The air is still this Sunday evening, with fall’s briskness giving way to winter’s chills. I’ve ventured across the city, and maybe here in this old decrepit book store, I can find room to explore the past.
Years have gone by and what were once vivid memories have faded into some vague story about things I once felt. Occasionally, these stories are decorated by flashes of affection— a smile here, a subtle curl of your lips there. As I wait for a middle-aged couple to finish packing their things, freeing a table, I wonder what if those trinkets of a past life would feel the same today.
There’s a particular nostalgia to this bookshop, hinting at poetry, sonnets, and letters written to friends, lovers, and the estranged. But any semblance of authenticity has been commandeered and cheapened by the crowd of college-aged hipsters as if an argyle sweater could bring back “simpler” times.
As I sit down, one of them turns to me. “It’s sag season,” she says. That must explain everything— common threads, parallel lives, reconnecting with purpose. I’ll admit, I’m unsure if any of that lies in the week ahead for me. There are only so many times we can return to the past before realizing there’s nothing quite left to learn from it.
More than two years have passed since I last saw you. It’s a much longer time than it sounds, at least emotionally. I’ve grown since then. “The journey is long,” we told each other. We don’t have to get into the meaning of life.
The meaning of life, purpose, dharma, whatever you want to call it, is the only place we know how to go. Do our constant attempts to understand experience cheapen it? At some point, you realize there is nothing but experience. We probably learned this young. It will take a lifetime, however, to understand that simple, banal fact.
This stranger has a peculiar resemblance to you. She’s younger, more naive, for sure, but visually similar. Her light brown hair is put up in a bun and she wears all black as you often would. It’s a resemblance to a past you. I can’t help but notice the difference in the way you speak these days. You have a harsher, more cynical tone. Seeing you is a search for magic, yet I get the sense that you, too, have lost sight of it.
Yes, that must be it. Purpose, dharma, the meaning of life is simply magic. That must be the journey. I frown, wondering if I believe myself.
Her world is beginning to open with magic. There’s wonder in her eyes as she tells me, “I’m meeting him for the first time next week. We’ve been pen pals for the past seven years.”

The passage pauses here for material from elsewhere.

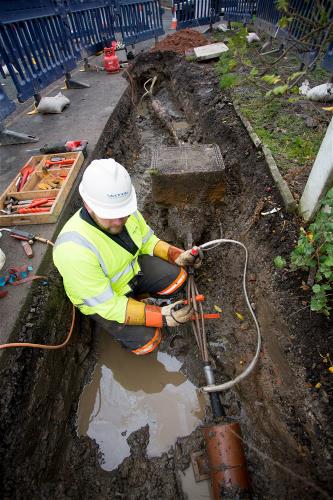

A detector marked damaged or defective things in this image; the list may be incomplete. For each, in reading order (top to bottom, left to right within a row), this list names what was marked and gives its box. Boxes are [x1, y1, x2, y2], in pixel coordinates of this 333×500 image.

rusty metal object [202, 424, 249, 498] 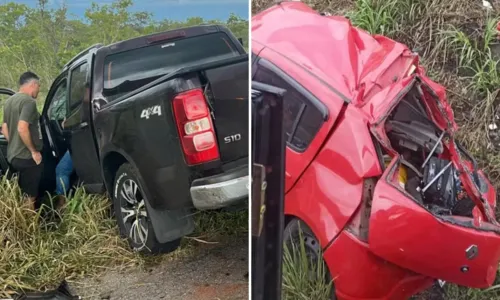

When we experienced magic for the first time, we didn’t quite see it coming. It was a sensation that grew just outside the grasp of perception. Until, one day, we found the gates to a garden, blossoming. It’s been a while since we have tended to it. I’m afraid there will be nothing left now but undergrowth.
She too will be careless with the keys— we all are. The tragedy is our hurried attempts at manufacturing that space when this first encounter passes. The steps are deceivingly simple: find a plot of land, preferably gated. Change the locks. Cut through the weeds. Turn the soil. Fertilize. Plant the seeds. Provide adequate sun and water.
Yet, something would always be missing. I have yet to learn patience. Crushing seedlings with the weight of my step as I anxiously check on them.
These days, I’ve reduced the feeling into one-liners that can convince others of the depth that I once felt. Though in reciting them, I’m starting to fear they have lost all meaning.
“All the magic in the world can be found in the space in between two people,” I tell her.
She’s convinced and it gives me hope. We take sips from our drinks, settle into our chairs and begin to write about our weeks ahead. I believe you must be doing the same.